## ANLT-243 - NoSQL DATABASES
## ASSIGNMENT #2 - AIR QUALITY - MONGODB

__by Arda Ugur__<br>
<a_ugur1@u.pacific.edu>
<br><br/>
__University of the Pacific, School of Engineering and Computer Science<br />
Data Science Graduate Program__<br><br>
__September 2018__

![image.png](attachment:image.png)

## Problem Definition:

A public air quality data is published in the __mongoDB__ database deployed with the following configuration:
<br><br>
__
host = 'ec2-54-67-15-68.us-west-1.compute.amazonaws.com'
<br>
port = 9210
<br>
Database Name : nosql
<br>
Collection Name : aq
__

Answer each of these questions using your new skills in mongodb.
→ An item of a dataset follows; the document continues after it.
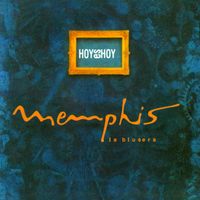 Memphis La Blusera - Hoy Es Hoy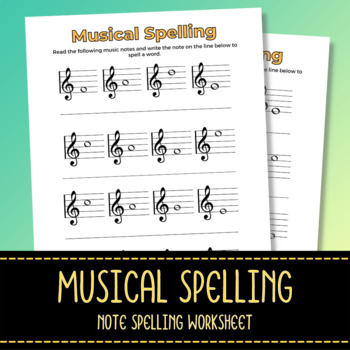 Preview of Musical Note Spelling Worksheet - Music Theory Class Learning Method Sheet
Do not just download the whole collection from the database into the Python program, but use separate Mongodb find statements that get you the minimal data you need to answer each question. Submit your Python program and the answers to these questions. Include appropriate print statements in your program to help answer these questions.
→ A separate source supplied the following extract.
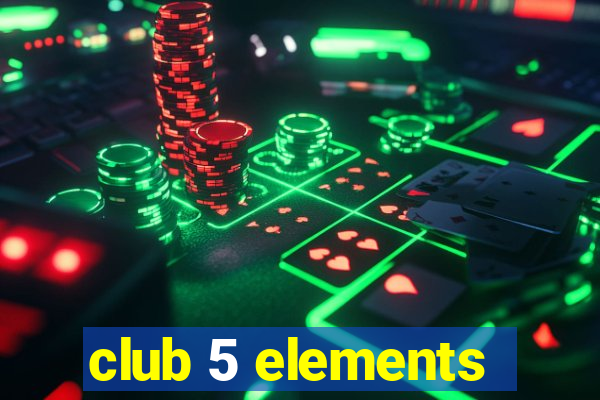 club 5 elements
1. How many total records are there in this air quality collection?
<br><br>
2. What is the data type of the columns StateName, ReportYear, and Value?
<br><br>
3. What was the air quality metric value for MeasureId 83 in the Santa Barbara county in the state of California in 2013?
<br><br>
4. What is the MeasureName of MeasureId 85?
<br><br>
5. Which state and county have the highest recorded air quality value of MeasureId 85 in any year?
<br><br>
6. Print the average of air quality value and the unit for MeasureId 87, State - Florida, CountyName - Pinellas, for years between 2002 and 2008?
<br><br>
7. Based on the data provided in the air quality collection, which state do you believe has better air quality- California or Texas ? Why? Call out any assumptions you make.

## Solution

### 0. Configuration

In [59]:
# Pymongo Config
#
import pymongo
import pprint
#
from pymongo import MongoClient, ASCENDING, DESCENDING

In [61]:
# Remote Database Connection
# 
host = 'ec2-54-67-15-68.us-west-1.compute.amazonaws.com'
client = MongoClient(host, 9210)

In [69]:
# Remote Database Access
# Let us check our connection by displaying the mongoDB collections
# This part of the code referenced from the class example
#
db = client.nosql
db_names = db.list_collection_names()
#
# And now let us print the collections
# If our connection is successful, we should se the air quality collection aq listed below
# 
pprint.pprint(db_names)
#
# Note to self: Alternatively, we could also simply use db_names

['population', 'aq', 'population_Ali']


In [71]:
# Now we have access to aq colletion in remote database
# let us set user defined -personal- naming conventions
# This will help us in our coding 
#
# air_quality_data : aq collection of mongoDB
#
air_quality_data = db.aq

In [73]:
# Let us check our naming if that works
#
air_quality_data

Collection(Database(MongoClient(host=['ec2-54-67-15-68.us-west-1.compute.amazonaws.com:9210'], document_class=dict, tz_aware=False, connect=True), 'nosql'), 'aq')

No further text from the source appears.